From the first line of the material to the line containing "The benefit of", inclusive, write out each line exactly, leaving out the pictures.

[Data for analysis]:
■ ■ ■ ■ ■

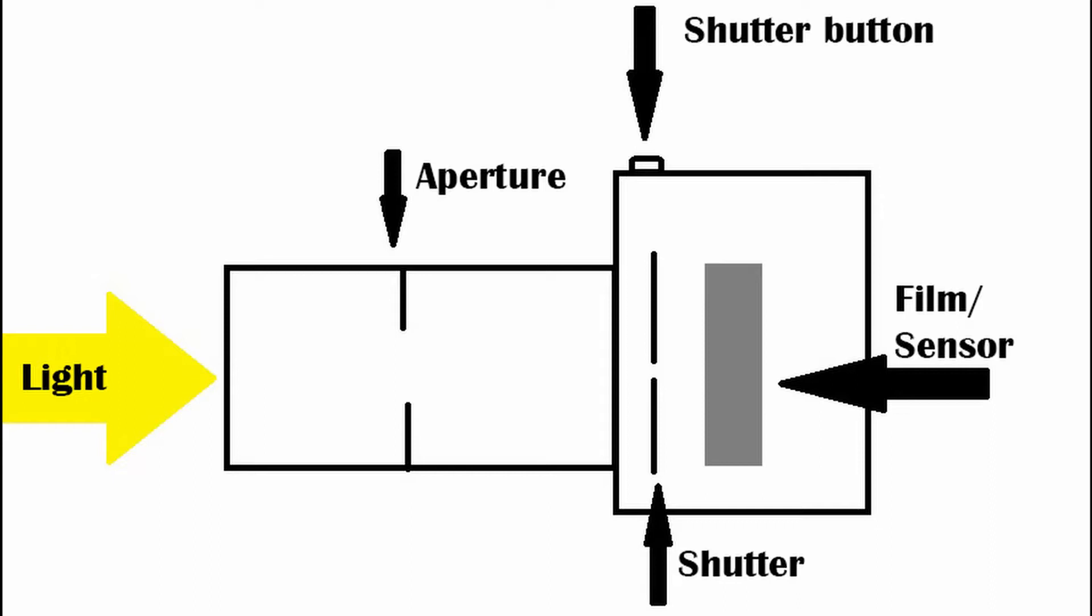So what the camera does is basically capture or freeze a moment in time. In doing that, it actually records the light that reflects off an object or subject.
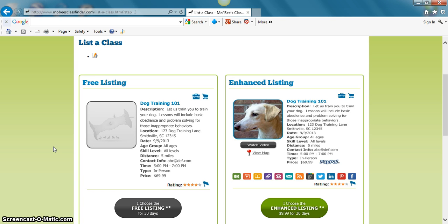Keep in mind, listing is always free. Your free listing shows the description of your class, location, date, age group, skill level, distance, contact information where you can choose between your email address or your phone number, time, and type.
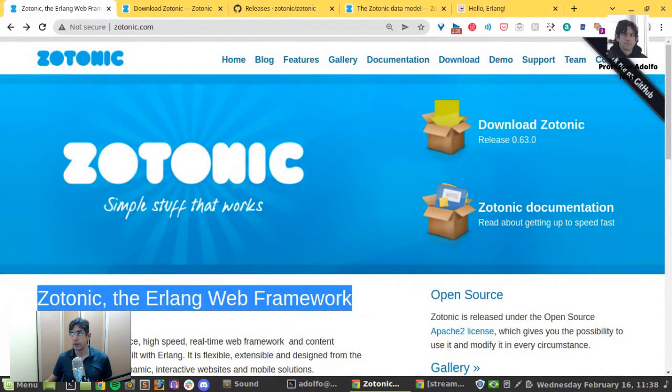I suggest you try to find more information about Zotonic, reading the documentation, and talking to people that are creating Zotonic. See you later. Bye.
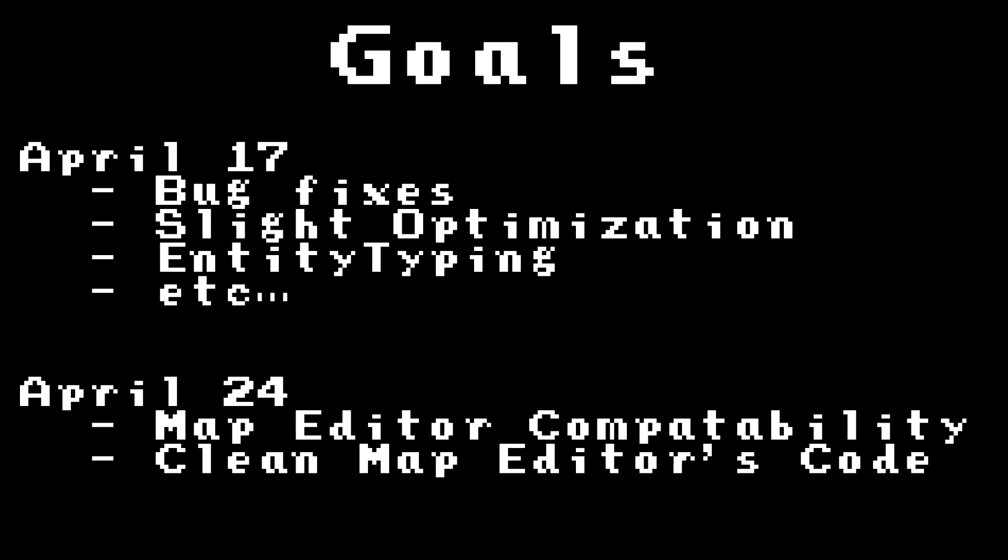Now the map editor update will be the week after instead, and I'll mostly be focusing on adding compatibility for the new version of Archipelago to it, and also cleaning up the code to be released on GitHub because it's kind of bad right now. I did it a little bit rushed and it just doesn't look very good.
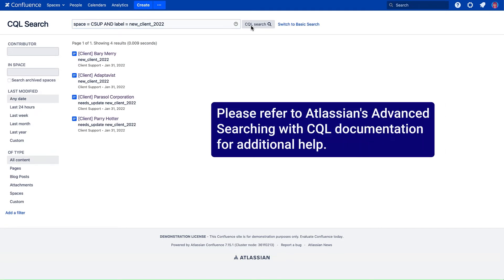Please refer to Atlassian's Advanced Searching with CQL documentation for additional help.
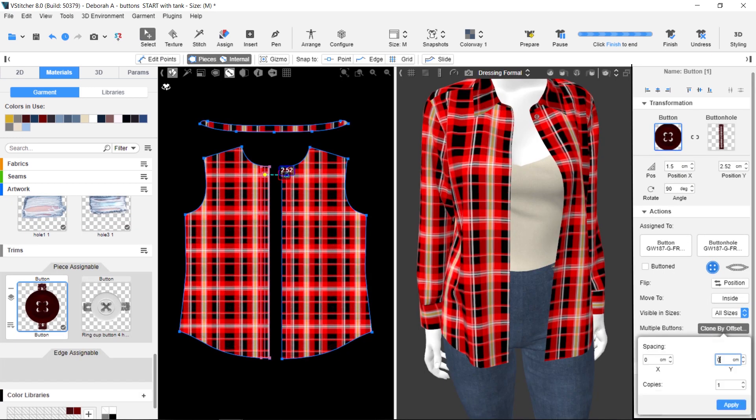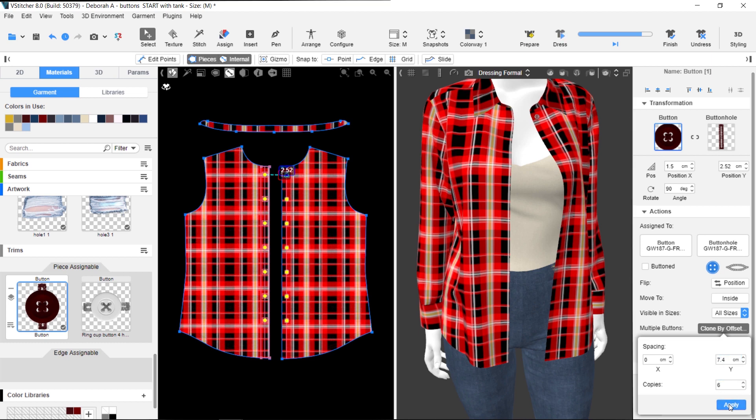With the Clone by Offset feature, you can easily add more buttons and buttonholes. Identical copies are placed exactly where you want them.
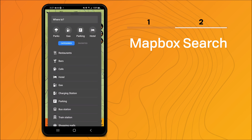The benefit of the Mapbox search is it's powered off of OpenStreetMap data. This allows for powerful searches for things such as addresses, popular points of interest, as well as businesses.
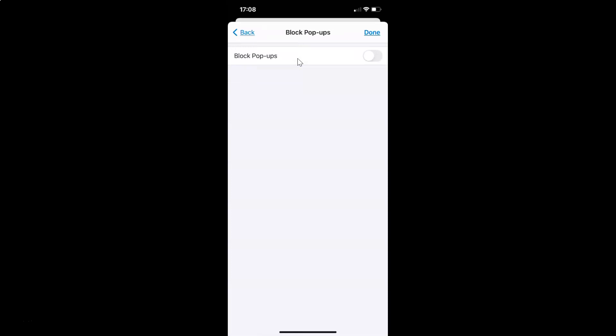I have this Block Pop-ups screen opened. So in order to turn it on, you have to tap on this toggle button next to Block Pop-ups and move this slider to the right. So let me tap on this.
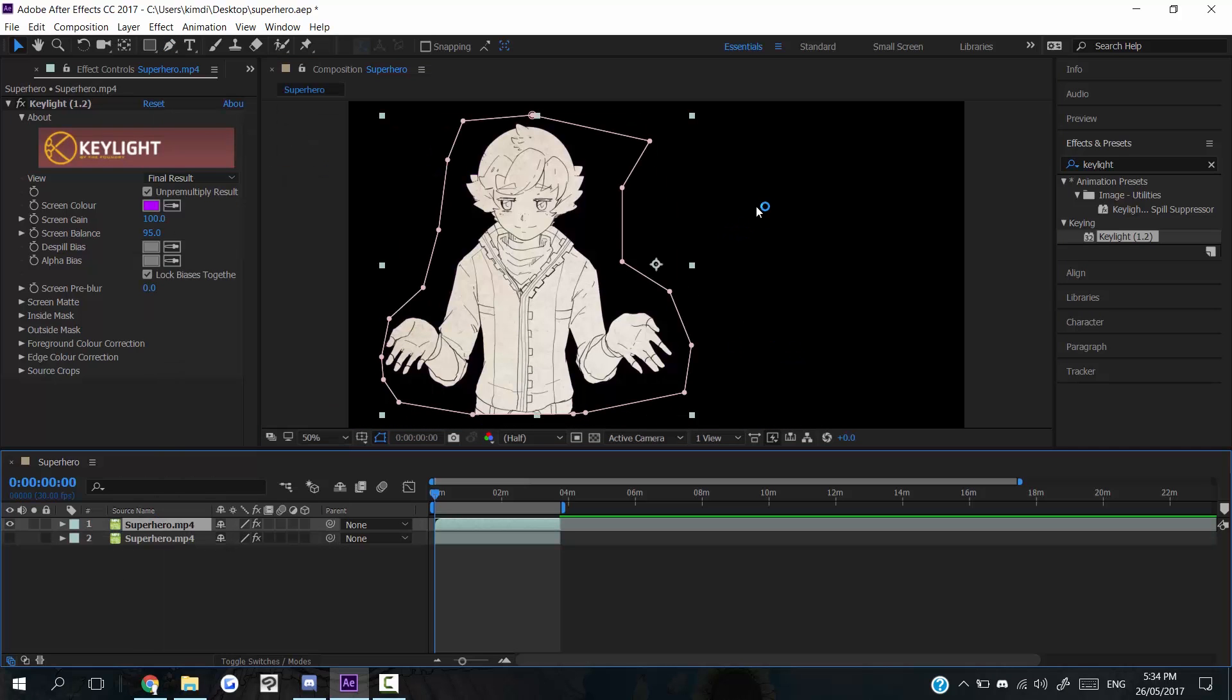And then, hey presto, you've got something that can work as a transparent PNG, but a speed paint at the same time.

■ ■ ■ ■ ■

[Exercise answer]:
So what the camera does is basically capture or freeze a moment in time. In doing that, it actually records the light that reflects off an object or subject.
Keep in mind, listing is always free. Your free listing shows the description of your class, location, date, age group, skill level, distance, contact information where you can choose between your email address or your phone number, time, and type.
I suggest you try to find more information about Zotonic, reading the documentation, and talking to people that are creating Zotonic. See you later. Bye.
Now the map editor update will be the week after instead, and I'll mostly be focusing on adding compatibility for the new version of Archipelago to it, and also cleaning up the code to be released on GitHub because it's kind of bad right now. I did it a little bit rushed and it just doesn't look very good.
Please refer to Atlassian's Advanced Searching with CQL documentation for additional help.
With the Clone by Offset feature, you can easily add more buttons and buttonholes. Identical copies are placed exactly where you want them.
The benefit of the Mapbox search is it's powered off of OpenStreetMap data. This allows for powerful searches for things such as addresses, popular points of interest, as well as businesses.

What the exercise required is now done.